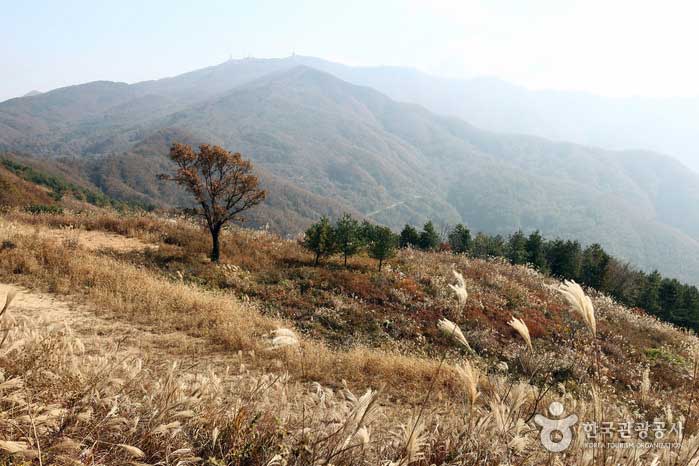‘관상’ 촬영지, 유명산 설매재와 용문사 은행나무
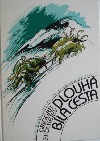 Dlouhá bílá cesta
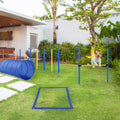 PawHut „Ultimate-Circuit“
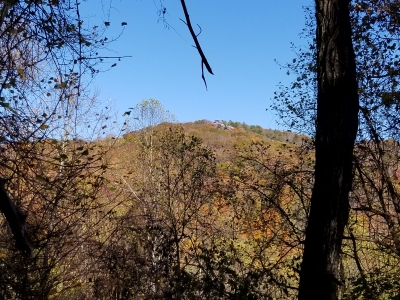 Birch Gap Benchmark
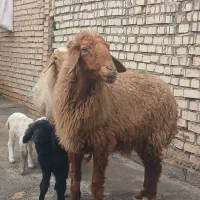 گوسفند وبره مطافیل .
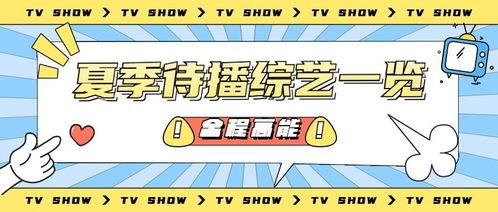 娱乐营销号吃瓜可信吗,揭秘娱乐营销号“吃瓜”背后的可信度之谜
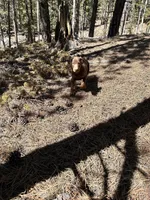 Ember AKC Euro, a female Doberman Pinscher for sale in Colorado Springs, CO – Photo 2 of 6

## PROMPT
Put each line of the listing above into the copy exactly, dropping the pictures.

## ANSWER BOX
‘관상’ 촬영지, 유명산 설매재와 용문사 은행나무
 Dlouhá bílá cesta
 PawHut „Ultimate-Circuit“
 Birch Gap Benchmark
 گوسفند وبره مطافیل .
 娱乐营销号吃瓜可信吗,揭秘娱乐营销号“吃瓜”背后的可信度之谜
 Ember AKC Euro, a female Doberman Pinscher for sale in Colorado Springs, CO – Photo 2 of 6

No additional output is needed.